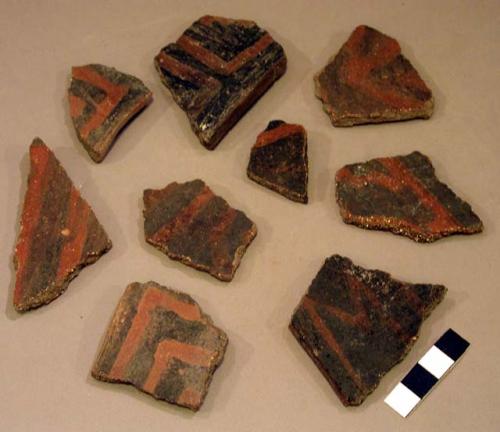 Ceramic rim and body sherds, black on red linear design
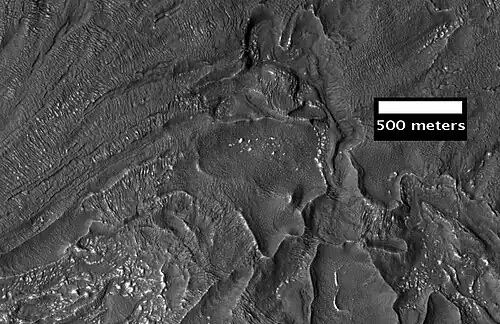 Close-up of fretted terrain near Reull Vallis, as seen by HiRISE. This area would be a challenge to walk across.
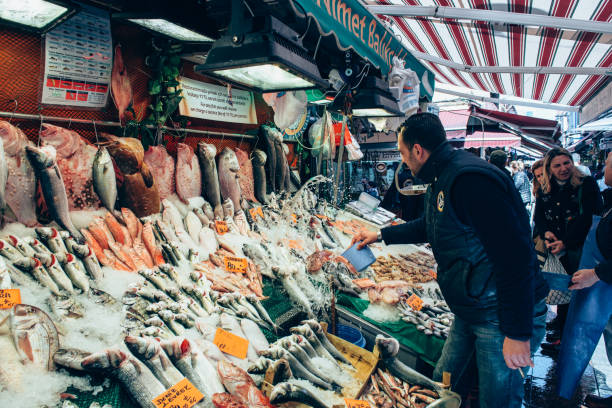 People buying fresh fish on the market in Kadıkoy Istanbul: People buying fresh fish on the market in Kadıkoy, Istanbul. Man trading on turkish bazaar. costus stock pictures, royalty-free photos & images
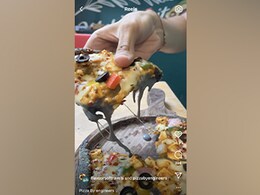 Mumbai's Bizarre Black Cheese Pizza Has Caught Our Attention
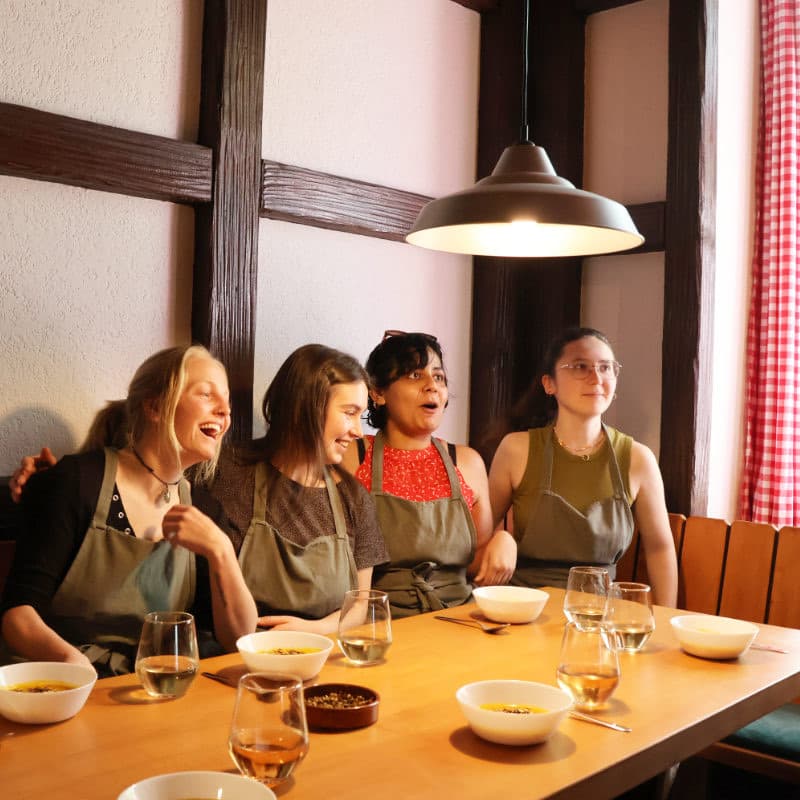 Vier Teilnehmerinnen sitzen lachend am gedeckten Tisch und essen die selbst gekochten Suppen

### Your assignment:
Retype the material in full, exactly as written, and exclude the pictures.

### Worked solution:
 Ceramic rim and body sherds, black on red linear design
 Close-up of fretted terrain near Reull Vallis, as seen by HiRISE. This area would be a challenge to walk across.
 People buying fresh fish on the market in Kadıkoy Istanbul: People buying fresh fish on the market in Kadıkoy, Istanbul. Man trading on turkish bazaar. costus stock pictures, royalty-free photos & images
 Mumbai's Bizarre Black Cheese Pizza Has Caught Our Attention
 Vier Teilnehmerinnen sitzen lachend am gedeckten Tisch und essen die selbst gekochten Suppen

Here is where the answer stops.